Monday 14 January 2013

Levi's Laundrette


Postmodernism characteristics are: "An emphasis on surface, image…a lack of seriousness expressed through modes of pastiche, parody and irony; blurring of critical boundaries between high and low art, historical and present, the different genres …host to multiple intertextual references"




(Angela Carter's Nights at the Circus: A Routledge Study Guide

By Helen Stoddart, 2007).

In late 1980s Levi's brand in Europe was perceived as old fashioned and, at a time of anti-American feeling, uncool.

The Laundrette commercial (1985) promoting Levi's classic 501 jeans gave to European audience a vision of the American Dream.

"Research showed that the intended target audience for Levi’s 501 (15 to 19 year olds) saw the United States of the fifties and sixties as cool time and place in history: James Dean, Elvis Presley and Sam Cooke all belonged to this mythical, wondrous world.
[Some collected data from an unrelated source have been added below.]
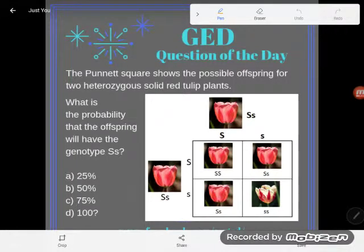Hey guys, it's GED question of the day time and we're continuing to build up our understanding of heredity in order to complete the type of Punnett square problems that we see on the GED. So we're four questions in and this is the fourth video in a series. If you haven't seen the other three, you're going to be a little lost — I suggest you go back and watch them.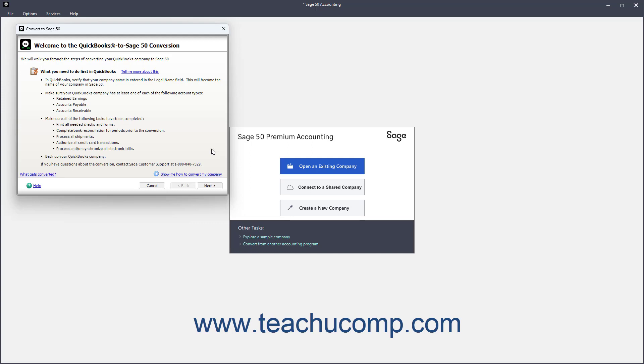Read each screen in the Conversion Wizard and answer any questions posed. Click the Next button to continue through the screens until you complete the wizard. Then click the Finish button.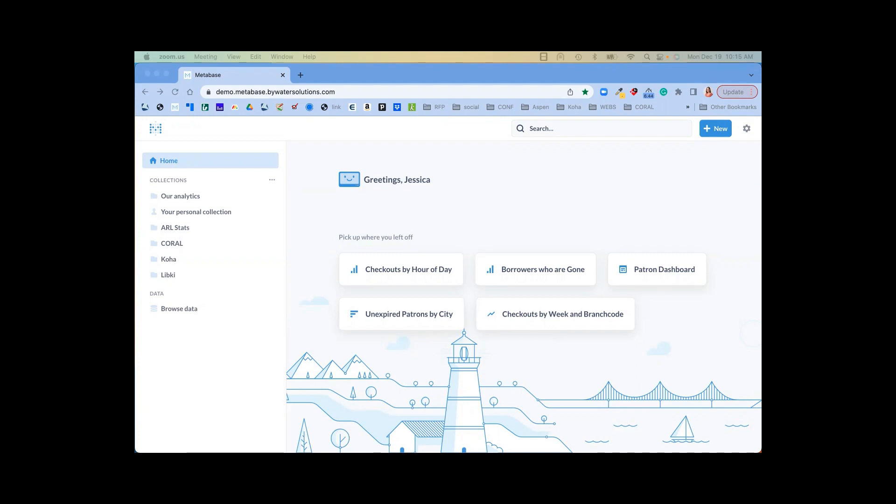It really makes things easy to turn your data into clear answers and questions. You can make data-driven decisions with confidence to move your library closer to your strategic goals. So let's talk about what you can do within Metabase.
And the BBH ad agency re-created this world by making a parody on that legendary epoch in their Laundrette ad" (http://thisisnotadvertising.wordpress.com/2012/11/22/levis-501-the-story-behind-launderette/).
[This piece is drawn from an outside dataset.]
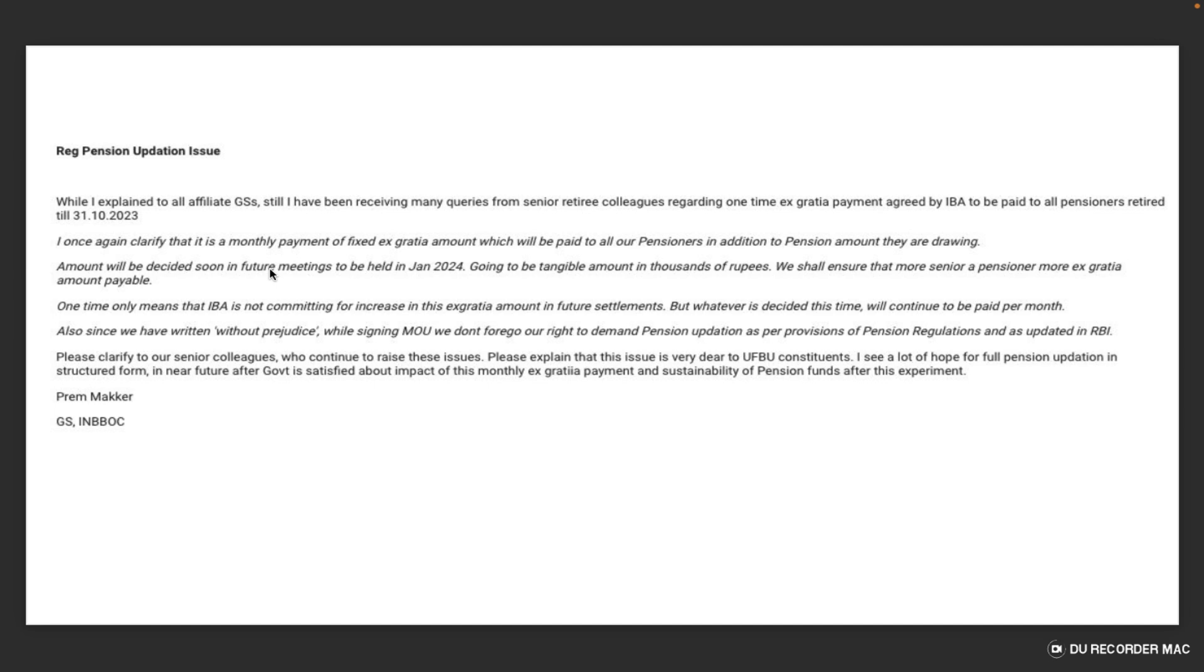But whatever is decided this time will continue to be paid per month. Also, since we have written while signing the MOU that we do not forget our right to demand pension updation as per provisions of pension regulations updated by RBI.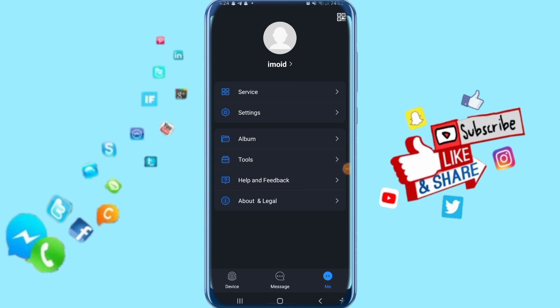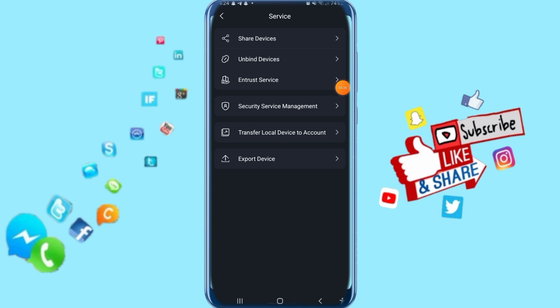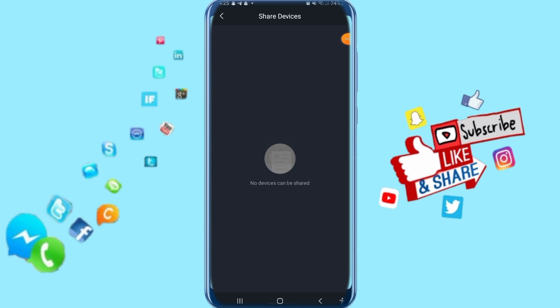Then all you have to do next is click here on 'Services'. After clicking on it, you'll see an option for 'Share Devices' - just click on that.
Marvin Gaye's 'Through the Grapevine' chosen as a soundtrack, Nick Kamen looking like young James Dean or Elvis Presley being symbols of that time sent the audience to the 1950s retro theme with a sense of vintage chic, nostalgia and postmodernist neo-romantism. The ad also used a PoMo New Man model represented by Nick Kamen using sexuality to achieve a positive effect.